> **Dataset extract**
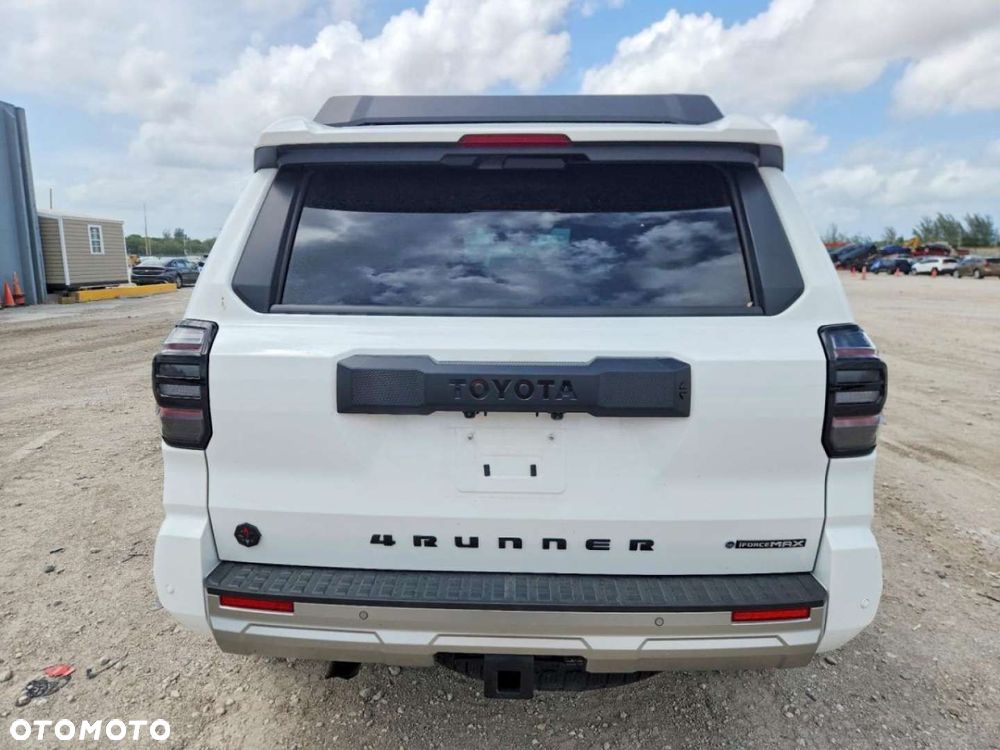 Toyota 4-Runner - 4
---
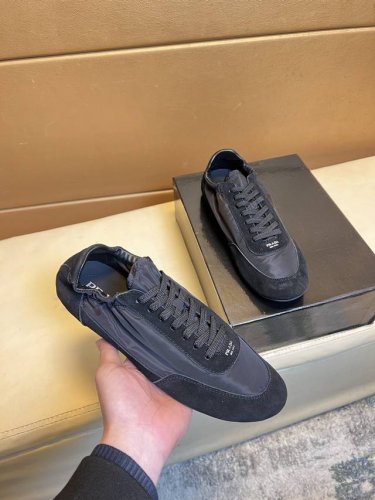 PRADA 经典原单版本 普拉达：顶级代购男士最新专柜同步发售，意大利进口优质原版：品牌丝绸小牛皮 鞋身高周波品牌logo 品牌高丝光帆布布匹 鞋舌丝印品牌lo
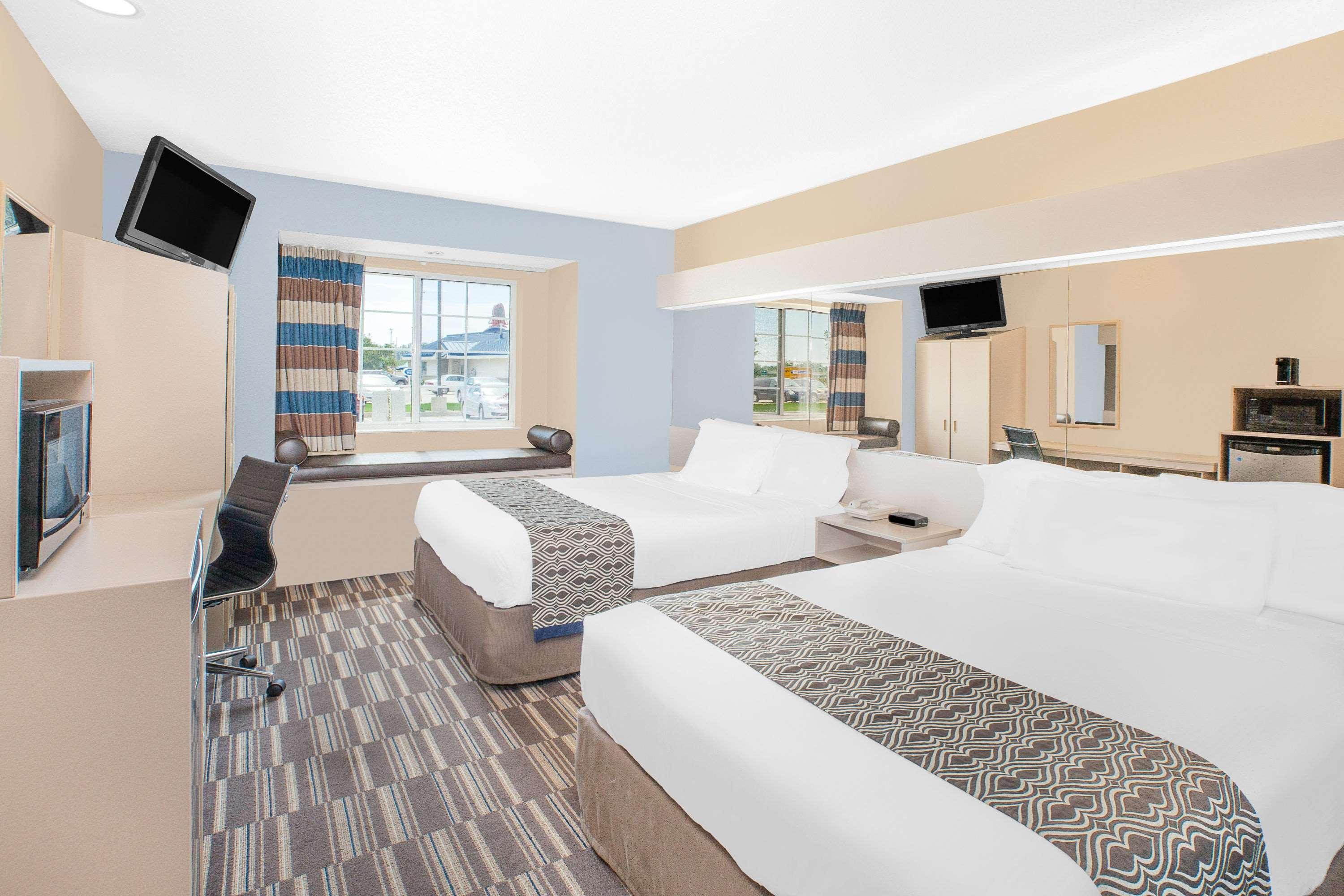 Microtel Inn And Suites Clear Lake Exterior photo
==
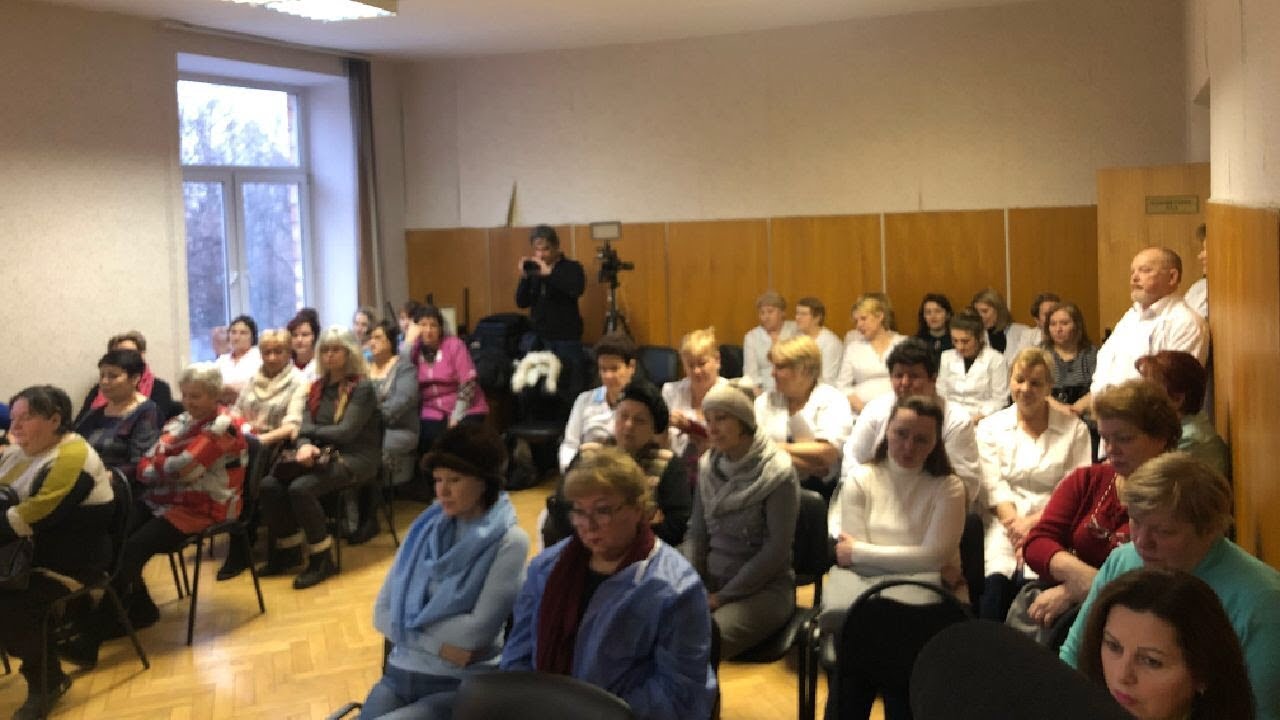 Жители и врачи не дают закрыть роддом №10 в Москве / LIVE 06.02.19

> **The task**
A verbatim reproduction is expected: starting at the line above that has "PRADA 经典原单版本 普拉达：顶级代购男士最新专柜同步发售，意大利进口优质原版：品牌丝绸小牛皮", ending at the line that has "Microtel Inn And", both included, and with no pictures and no other lines.

> **Answer for this exercise**
 PRADA 经典原单版本 普拉达：顶级代购男士最新专柜同步发售，意大利进口优质原版：品牌丝绸小牛皮 鞋身高周波品牌logo 品牌高丝光帆布布匹 鞋舌丝印品牌lo
 Microtel Inn And Suites Clear Lake Exterior photo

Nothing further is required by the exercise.